Given multiple factors for HCC occurrence, our study explored the relationship between PNPLA3 SNPs and HCC susceptibility in terms of age, gender and smoking status. First, in terms of age, the mean age of HCC cases in our study was 55 years, and people aged more than 55 years had an increased risk of HCC. Specifically, subjects aged more than 55 years with rs738409 CG, rs3747207 GA, rs4823173 GA, and rs2896019 TG were more likely to develop HCC. This may be due to the decline of the body’s immunity with age, thus leading to the increased risk of HCC. Second, as for gender, studies around the world have shown that HCC is a male-oriented malignancy [26]. In most countries, men are 2 to 4 times, or even 3 to 5 times more likely to suffer from HCC than women [27,28,29]. The male to female ratio of HCC incidence in this study was 3.35:1, which is basically consistent with the international gender trend of HCC incidence. This difference in gender distribution is thought to be closely related to hormone levels in men and their unhealthy lifestyles like overworking, staying up late and excessive drinking. Third, in terms of smoking status, studies have shown that smoking is a minor risk factor for HCC [30, 31]. According to reports, smoking can increase the morbidity and mortality of HCC [32]. Our study showed that there was no significant difference in the distribution of smoking between cases and controls, indicating that smoking failed to affect the association of selected SNPs with the occurrence of HCC. This contradiction may be due to the randomness of sample selection.

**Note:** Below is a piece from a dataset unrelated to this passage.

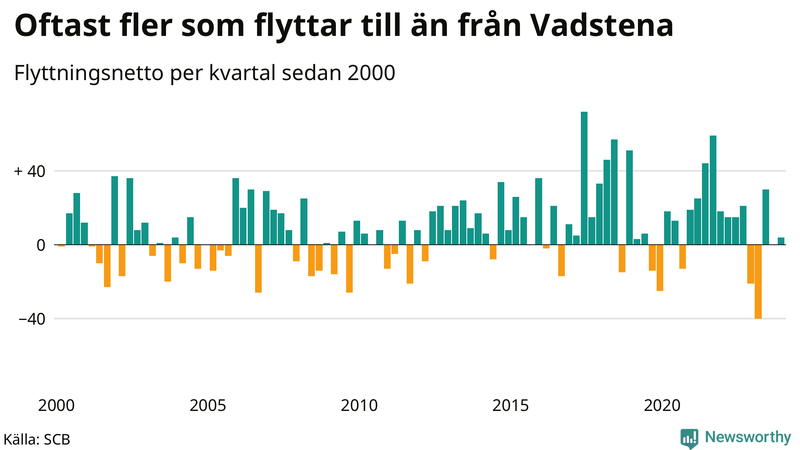 Flyttnetto per kvartal sedan 2000 i Vadstena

Considering that HCC is a complex polygenic disease, studies on SNP-SNP interactions may help identify risk factors for HCC. Of note, MDR is an effective method for detecting SNP-SNP interactions in case–control studies. In this study, MDR analysis was used to analyze the interactions between four candidate SNPs, and the results showed that the best single-locus model for predicting HCC susceptibility was the model (rs2896019). This result was consistent with that of the overall analysis, that is, rs2896019 was significantly associated with increased susceptibility to HCC. The best multi-locus prediction model was the four-locus model, the combination of rs738409, rs3747207, rs4823173, and rs2896019, which might further support the influence of SNP-SNP interactions on HCC susceptibility. However, the complex interactions between PNPLA3 SNPs in the progression of HCC remain to be further investigated.

In conclusion, rs2896019 increased HCC susceptibility. At the same time, FPRP analysis validated the reliability of the significant associations in our findings. However, the current study was designed to research only one gene, PNPLA3, and its SNPs. In the follow up studies, we will select multiple genes that share the same molecular pathway with PNPLA3 and their corresponding SNPs to better investigate the relationship between genetic polymorphisms and HCC.

Conclusions

This study revealed that PNPLA3 rs2896019 was associated with an increased susceptibility to HCC, but what roles these PNPLA3 SNPs play in the occurrence and development of HCC remains to be further studied.